Questo principio di onnicomprensività può indurre, come nel caso in esame a distorsioni dovuta alla natura progressiva dell’imposta sui redditi, come imposto dalla Costituzione.
Questa considerazione viene accentuata dall’esame della risposta n. 277 del 3 novembre 2025 dell’Agenzia, che affronta un problema di contributi pubblici in ritardo.
Un professionista acquista nel 2022 beni strumentali e da tale anno deduce le quote di ammortamento su questi cespiti.

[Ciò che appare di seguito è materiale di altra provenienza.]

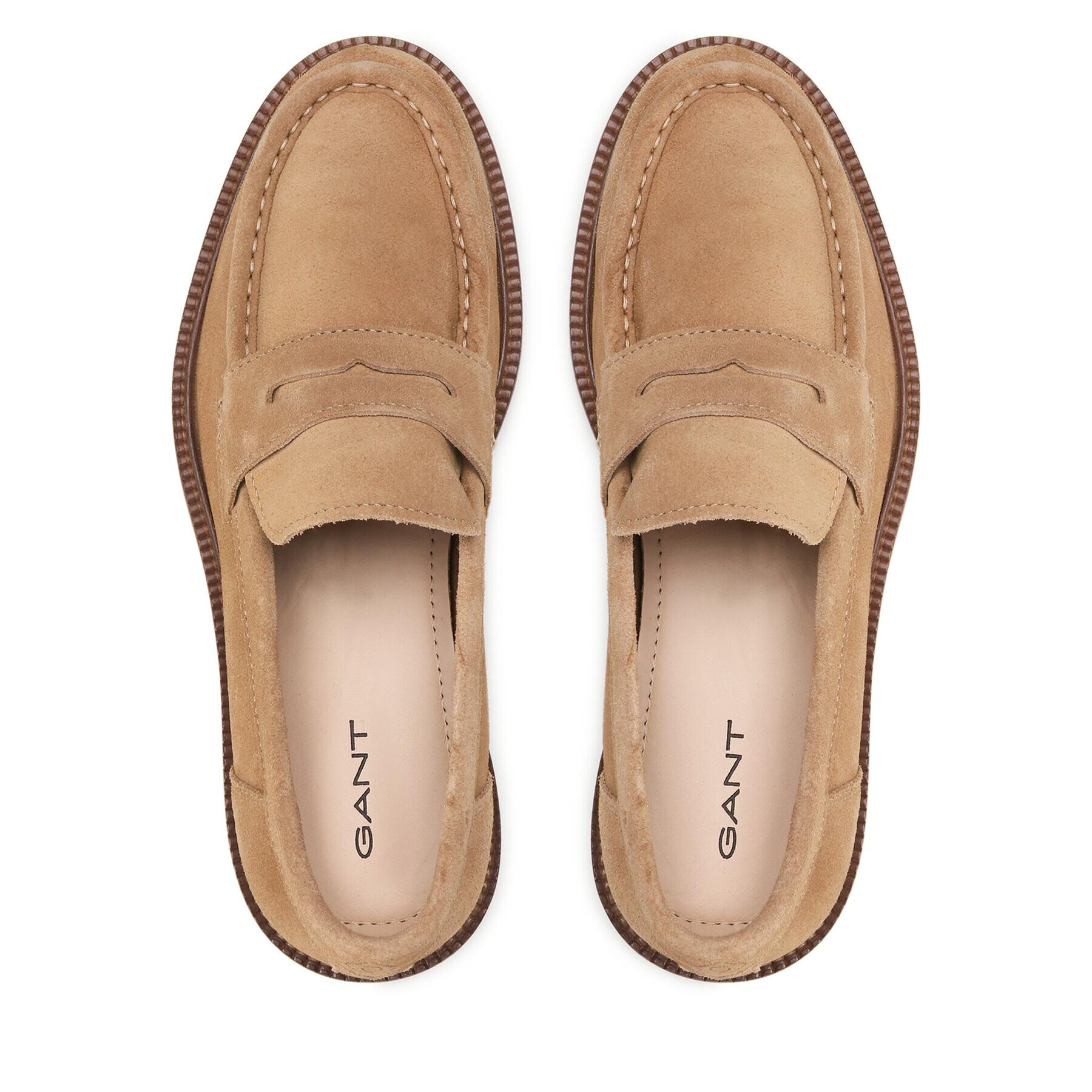 Gant Мокасини Jackmote 24673769 Бежов - Pepit.bg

Aveva richiesto un contributo alla Regione di appartenenza e questa ha erogato il contributo in conto degli impianti acquistati tre anni prima solo nel 2025.
Come regolarizzare l’intera posizione?
La conclusione dell’Agenzia, certamente corretta, è che sostanzialmente il costo “ammortizzabile” dell’attrezzatura deve essere ridotto del contributo ricevuto, le quote di ammortamento debbono essere riparametrate a questo costo ridotto e la differenza tra le quote “piene” dedotte nei primi anni e quelle corrette dopo l’imputazione del contributo sono una sopravvenienza attiva tassata per intero nell’anno di incasso del contributo.

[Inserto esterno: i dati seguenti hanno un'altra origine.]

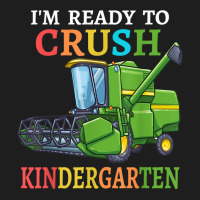 Kids Combine Harvester Back To School I'm Ready To Crush T Shirt Classic T-shirt | Artistshot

Tutto corretto, salvo il fastidio contabile di ricalcolare le quote di ammortamento, ma potrebbe venire alla luce un significativo aggravio in relazione alla dimensione del contributo.

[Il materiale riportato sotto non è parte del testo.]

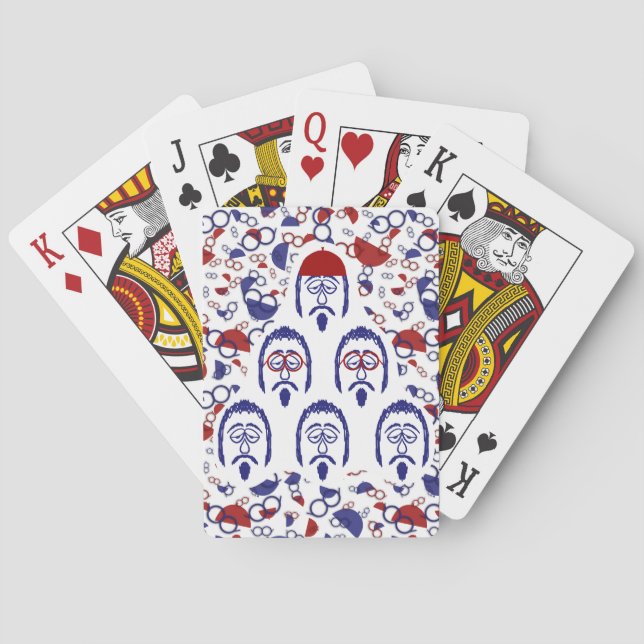 Jeu De Cartes Les visages de Beatnik (dos)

Infatti se le quote di ammortamento vengono ridotte ogni anno collocano il contribuente in una determinata fascia di aliquote fiscali, e dover conteggiare in una sola volta la sopravvenienza derivante da una pluralità di recuperi annuali di ammortamenti eccedenti potrebbe far scivolare, nell’anno di contabilizzazione della sopravvenienza, nella fascia successiva, con aliquote maggiorate.
Questo non si sarebbe verificato con una puntuale contabilizzazione delle quote di ammortamento corrette.
Notiamo che tra le ultime due aliquote IRPEF la differenza è significativa (33% e 43%), e quindi la distorsione potrebbe avere una dimensione assoluta non irrisoria.
Non si comprende perché non sia stato previsto che in questo caso il recupero della differenza avrebbe generato proventi da assoggettare ad imposte secondo l’istituto della tassazione separata, ipotizzato dal legislatore propri per attenuate gli effetti della progressività dell’IRPEF.
Ma nel mondo fiscale molto spesso, secondo il principio evangelico, la mano destra ignora completamene la sinistra!